[Data excerpts]
= Beginning of Section =

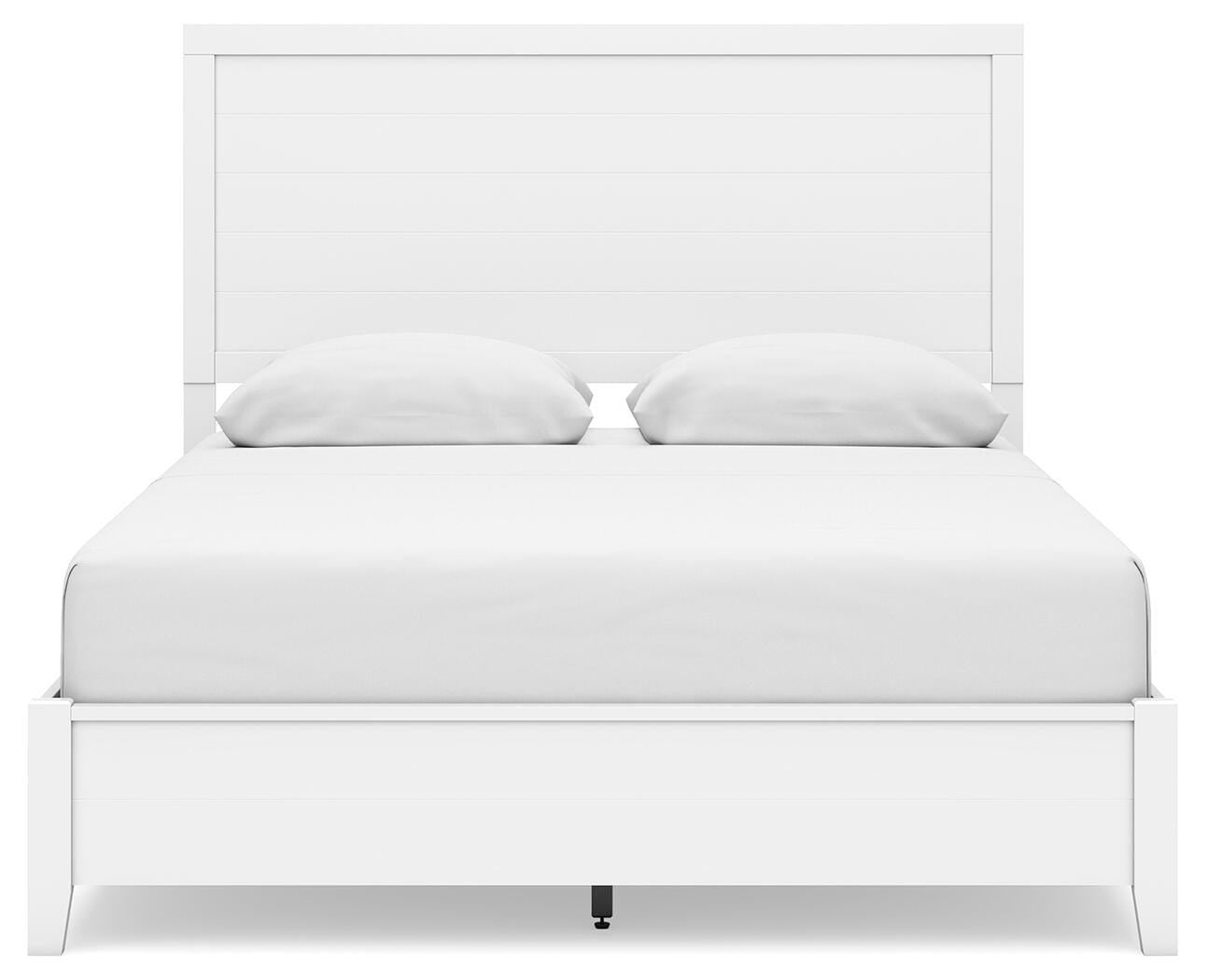 Binterglen Panel Bed, Dresser and 2 Nightstands - White  (B427-SI) - Image 9
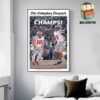 Tough Moment Of Ohio State Buckeyes To Get The 2025 National Champions With Victory Over Notre Dame Wall Decor Poster Canvas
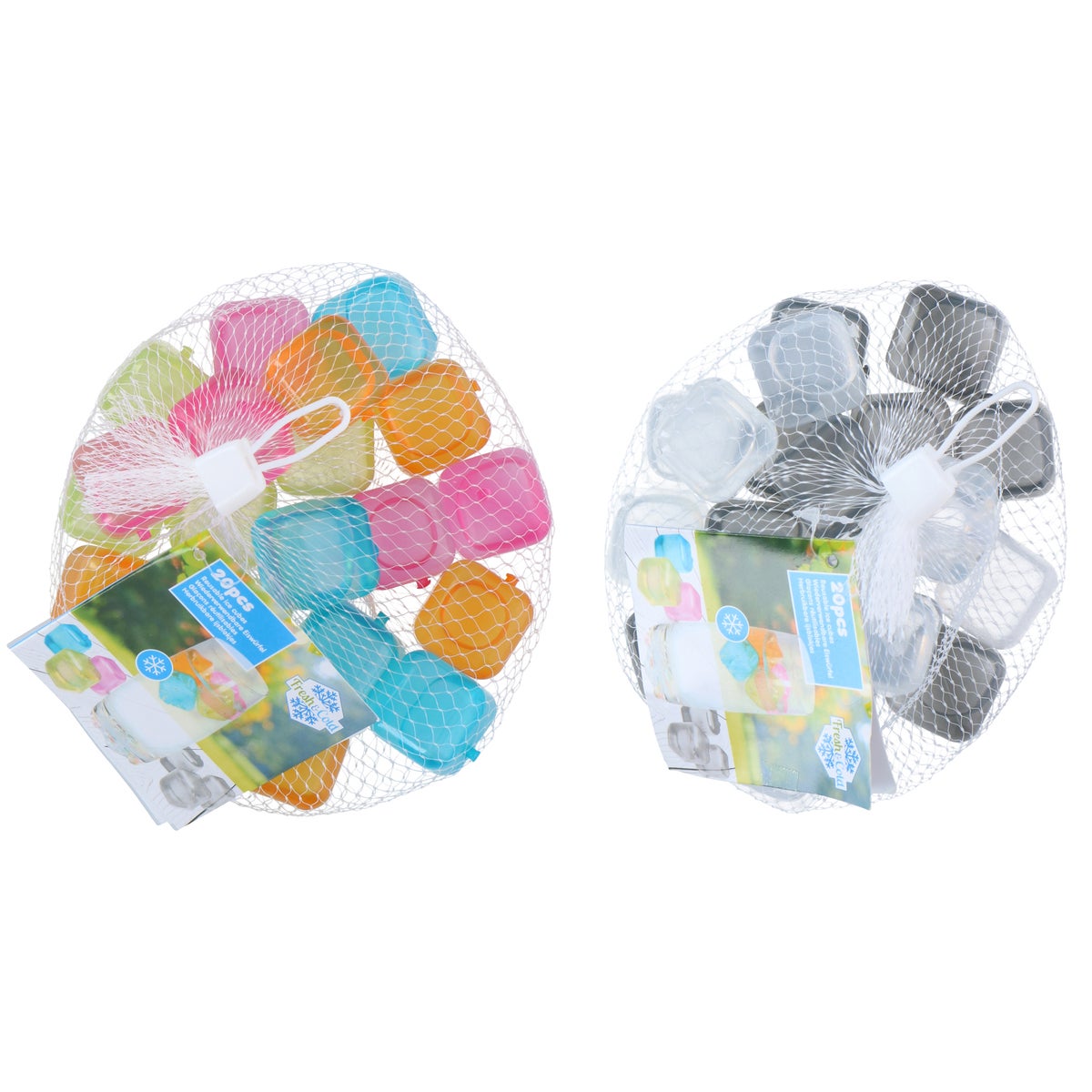 Ijsblokjes vierkant 20 stuks Ijsblokjes vierkant 20 stuks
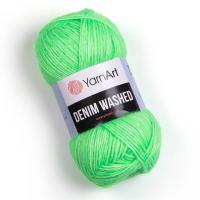 Denim Washed (YarnArt) - 912 (яркий салат меланж)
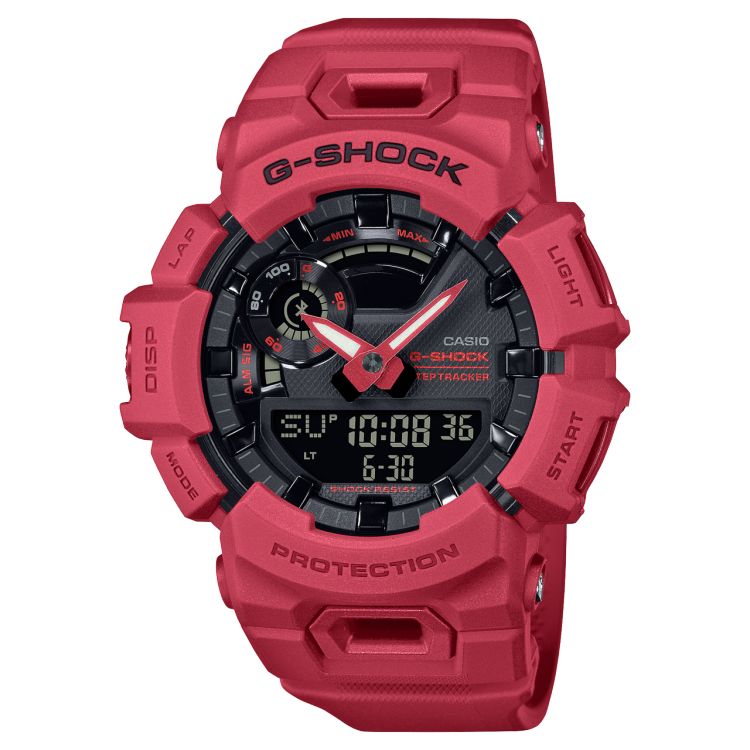 Red Casio Move GBA900RD-4A Men\'s G-shock | EAJZXP-138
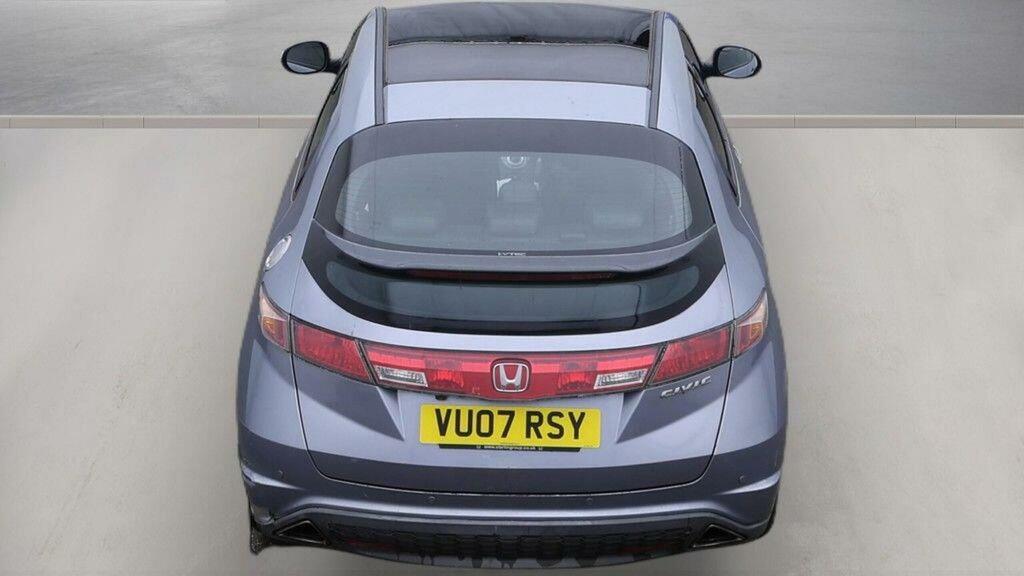 Honda Civic Hatchback 1.8 I-vtec Ex I-shift 200707 Blue #6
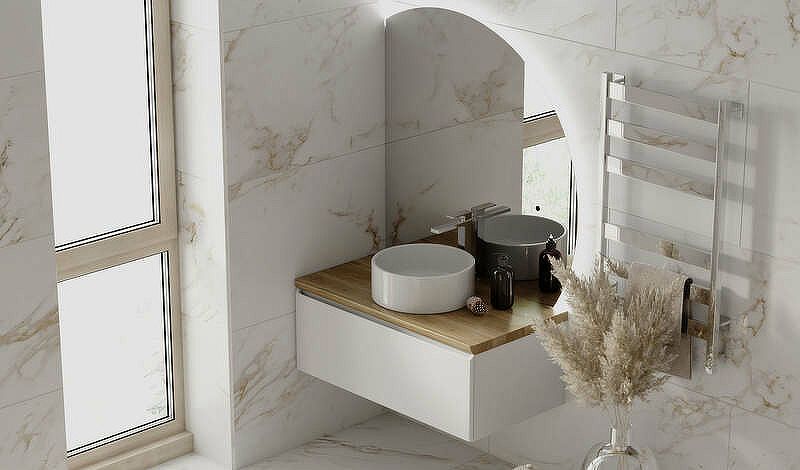 Приобрести jorno зеркало solis 106 см, с подсветкой, датчик движения, белое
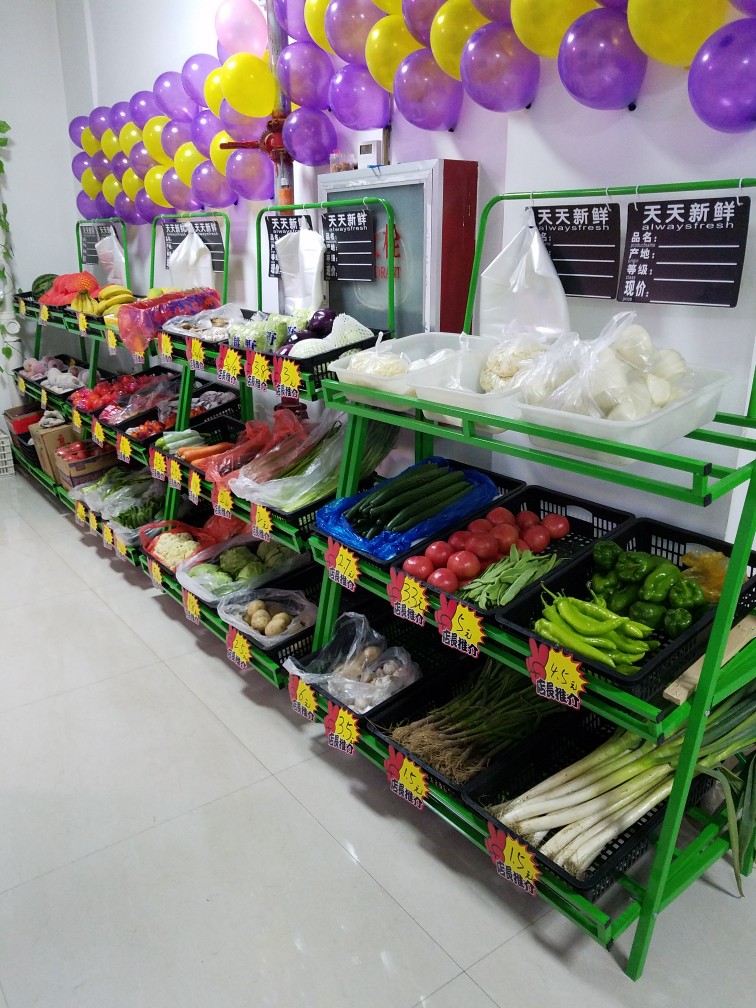(工匠时光)蔬菜货架展示架超市四层水果货架新款多功能便利店卖菜水果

= End of Section =

To do: Go to the line that contains "Honda Civic Hatchback" and copy exactly from there through the last line of the records above, both included. Omit pictures.

Answer to the exercise:
 Honda Civic Hatchback 1.8 I-vtec Ex I-shift 200707 Blue #6
 Приобрести jorno зеркало solis 106 см, с подсветкой, датчик движения, белое
(工匠时光)蔬菜货架展示架超市四层水果货架新款多功能便利店卖菜水果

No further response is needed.